▶ Entries provided:
%%
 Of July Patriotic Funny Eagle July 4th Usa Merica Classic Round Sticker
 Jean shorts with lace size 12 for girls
%%
%%
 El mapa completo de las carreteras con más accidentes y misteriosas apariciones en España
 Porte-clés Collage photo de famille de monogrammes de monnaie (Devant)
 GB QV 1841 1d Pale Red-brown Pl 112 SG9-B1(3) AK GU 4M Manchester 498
%%
▶ Exercise prompt: Restate word for word the lines in the material above from the one with "Of July Patriotic" to the one with "Jean shorts with lace size 12 for girls"; both of those lines count, and nothing else does.

▶ Exercise response:
 Of July Patriotic Funny Eagle July 4th Usa Merica Classic Round Sticker
 Jean shorts with lace size 12 for girls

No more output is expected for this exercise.